**What you should do:** Output exactly the lines from the line that has "Congee végétarien shiitake" through the last line of the data below, with no pictures.

**Given records:**
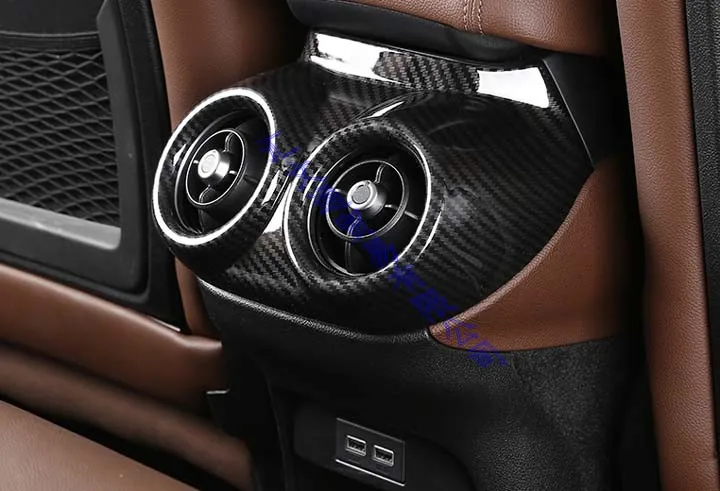 Для Alfa Romeo Stelvio автомобильные аксессуары из углеродного волокна стиль покрытый подлокотник коробка заднего вентиляционного отверстия рамка накладка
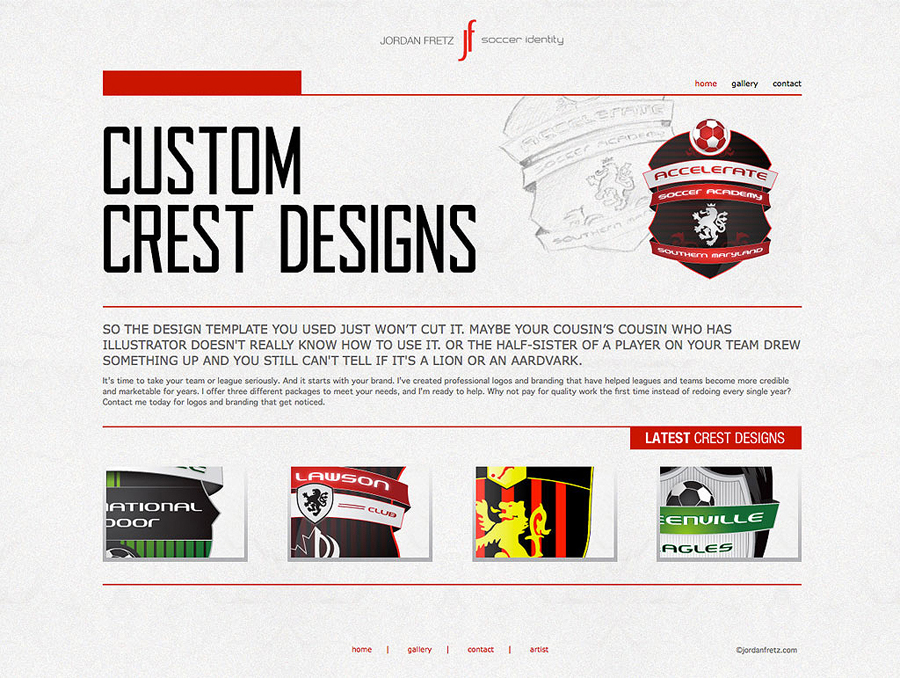Jordan Fretz design custom soccer crest design microsite Visit the site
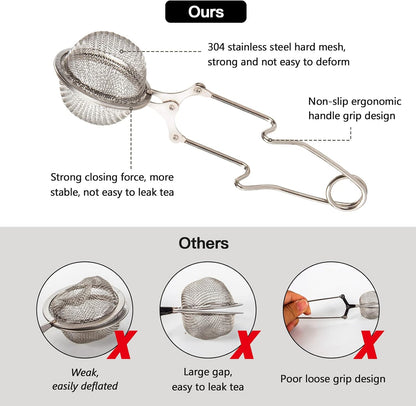 Snap Ball Tea Strainer, Exptolii 3 Pack Stainless Steel Tea Infuser Filter with Handle for Loose Leaf Tea, Spices, Seasonings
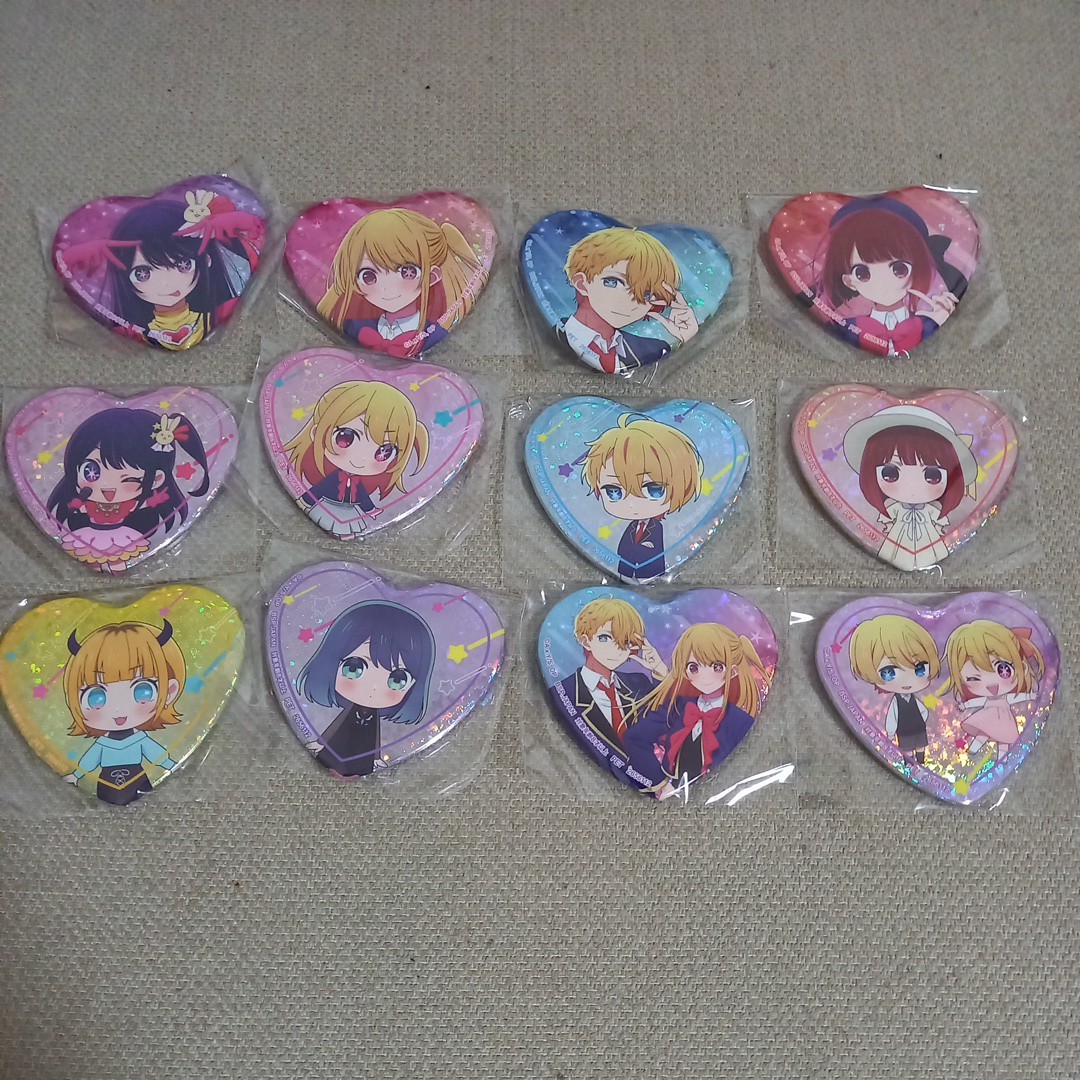 推しの子 ハート型ホログラム缶バッジ コンプリート セット 推しの子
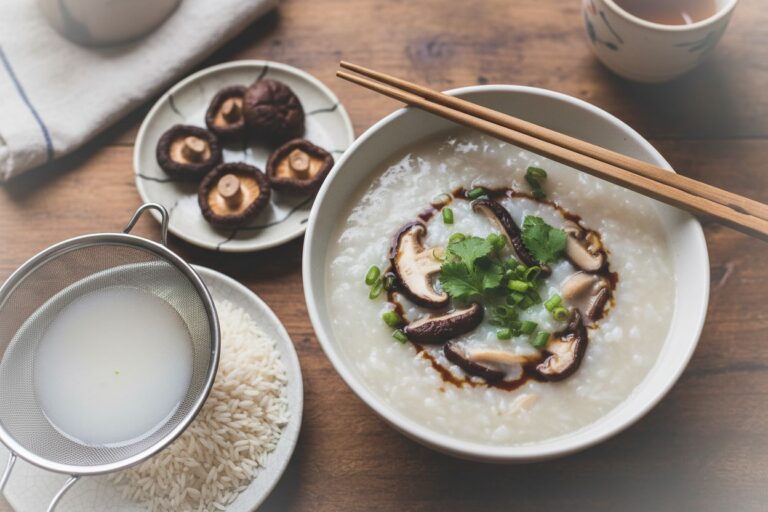 Congee végétarien shiitake Recette facile bouillie de riz réconfort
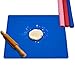 LONGFITE Silicone Baking Mats for Dough Rolling Pastry Fondant Mat Large Nonstick and Nonslip, Countertop Protector, Dining Table Mat and Placemat 20'' by 16''(Blue 2 Pack)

**Reply to the exercise:**
 Congee végétarien shiitake Recette facile bouillie de riz réconfort
 LONGFITE Silicone Baking Mats for Dough Rolling Pastry Fondant Mat Large Nonstick and Nonslip, Countertop Protector, Dining Table Mat and Placemat 20'' by 16''(Blue 2 Pack)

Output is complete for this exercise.